La mayoría estuvo conformada por Daniel Mariani, Sergio Acevedo, José Antonio González Nora, Juan Lucio de la Vega y Gabriel Contreras, quienes entendieron que la Ley 3947 debía aplicarse al proceso en trámite y que no correspondía mantener indefinidamente una medida precautoria.
Las primeras 27 jubilaciones
Ese es el contexto en el que el Directorio de la Caja se reunió el viernes. Cristian Sánchez relató que tanto él como la vocal por los pasivos, Viviana Carabajal, expresaron su desacuerdo y se retiraron de la reunión. Los expedientes habrían continuado siendo tratados por el presidente de la CPS, Pablo Pérez, y los vocales Harold Bark y Paola Carrillo.
Sánchez anticipó además que analizará nuevas acciones judiciales y planteó otro cuestionamiento: el impacto que puede tener sobre el sistema previsional acelerar la salida de trabajadores que actualmente aportan a la Caja.
Dos días antes en la Legislatura se reunió la Sala Acusadora para definir si correspondía llevar a juicio político a cuatro vocales del Tribunal Superior de Justicia: las tres incluidas en la decisión jubilatoria, y Fernando Basanta. El pedido había sido impulsado em mayo pasado, por el abogado Sergio Macagno, quien acusó a esos vocales identificados con el kirchnerismo de haber actuado bajo “conflicto de interés” para frenar la ampliación del Tribunal Superior de Justicia y alterar el equilibrio institucional entre poderes.
En la reunión secreta del miércoles pasado, ganó la votación de desestimar el pedido de juicio político, por una mayoría de 9 votos a 2. Inclusive diputados del oficialismo votaron en contra.
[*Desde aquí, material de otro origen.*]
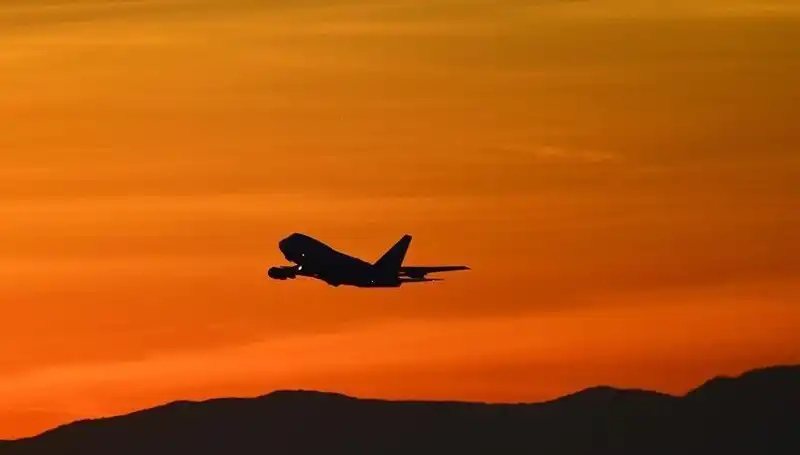 Avustralya’da Uçak Kazasında Pilot Hayatını Kaybetti: Detaylar Ortaya Çıktı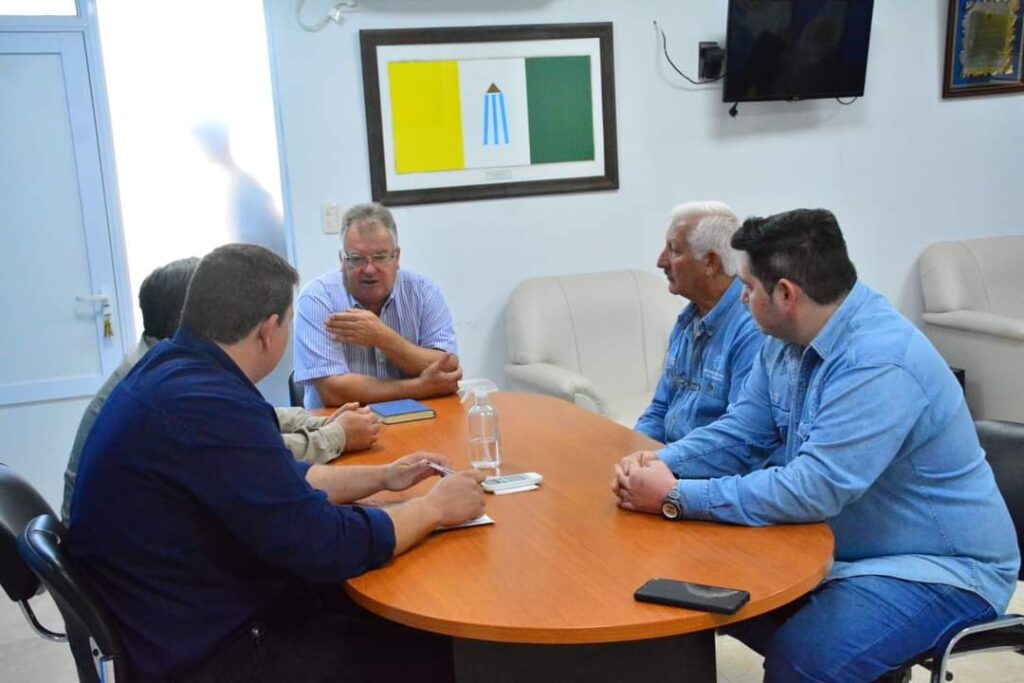 fa4db0be-1fe1-4094-ad93-9e6887f7f740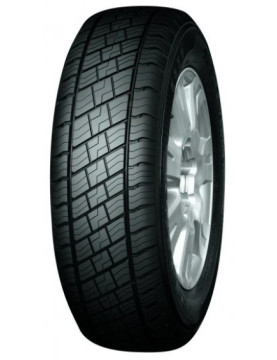 Goodride SU 307 265/70 R16 112H  не шип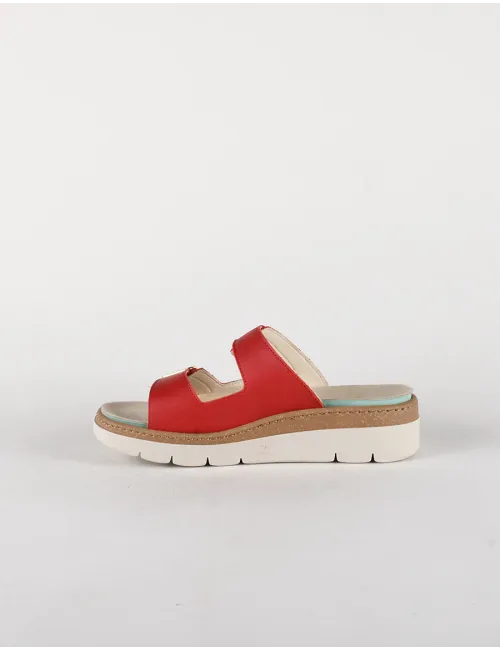 GRUNLAND CE0241-68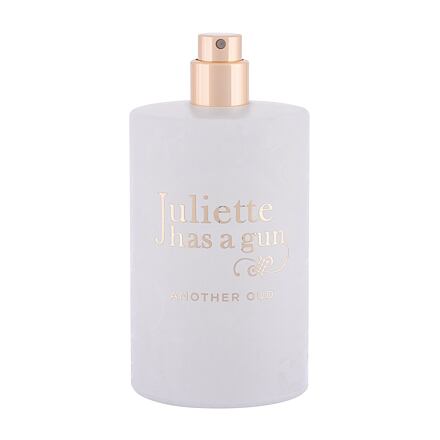 Juliette Has A Gun Another Oud unisex parfémovaná voda 100 ml tester unisex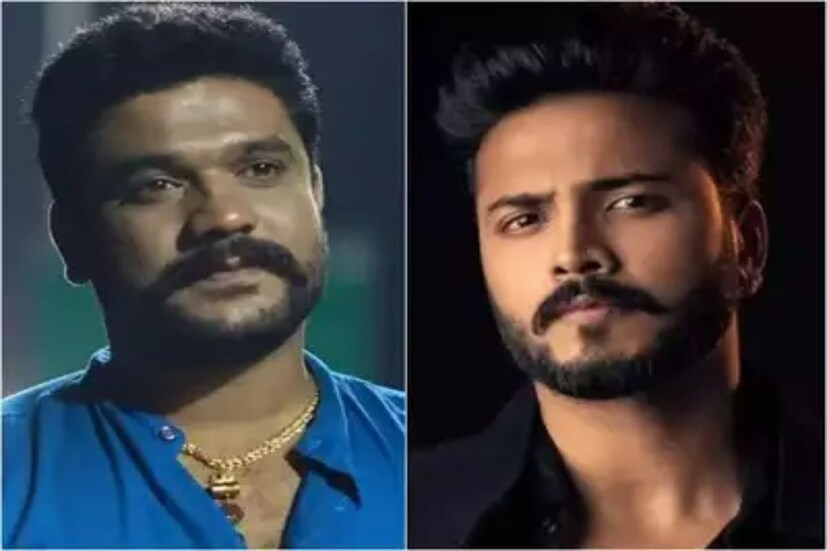 অগ্নিসাক্ষী ধারাবাহিকে অভিনয় করেছিলেন রাম। সেই ধারাবাহিকে তাঁর সহ-অভিনেতা বিজয় সূর্য বলেন, ‘‘অক্ষয় তৃতীয়ার দিন এমন একটা দুঃসংবাদ শুনব দুঃস্বপ্নেও ভাবিনি। প্রথমে ভেবেছিলাম কেউ মজা করছে। কিন্তু পরে ঘটনাটা জানতে পারি। এককথায় দুঃখজনক।’’ File Photo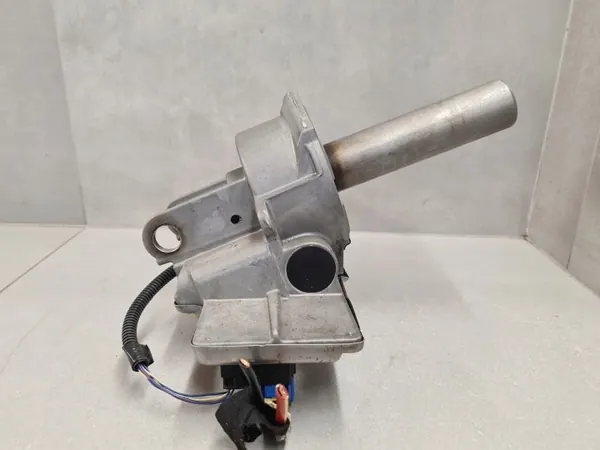 Colonne de direction électrique OEM 13403285 Opel Corsa D image 4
Qué sucede ahora con las tres vocales
El dato institucionalmente más sensible es que Fernández, Mercau y Ludueña no han renunciado a sus cargos.
La aprobación del beneficio por parte de la CPS pone en marcha el procedimiento previsto por el Decreto 608.
Según el texto oficial, una vez notificada la resolución jubilatoria al trabajador y al empleador, comienza a correr el plazo de 30 días para comunicar el cese. Antes de su vencimiento, y exclusivamente por razones excepcionales de servicio debidamente fundamentadas, ese período puede extenderse hasta 180 días.
En este caso, el organismo empleador es el propio Poder Judicial de Santa Cruz.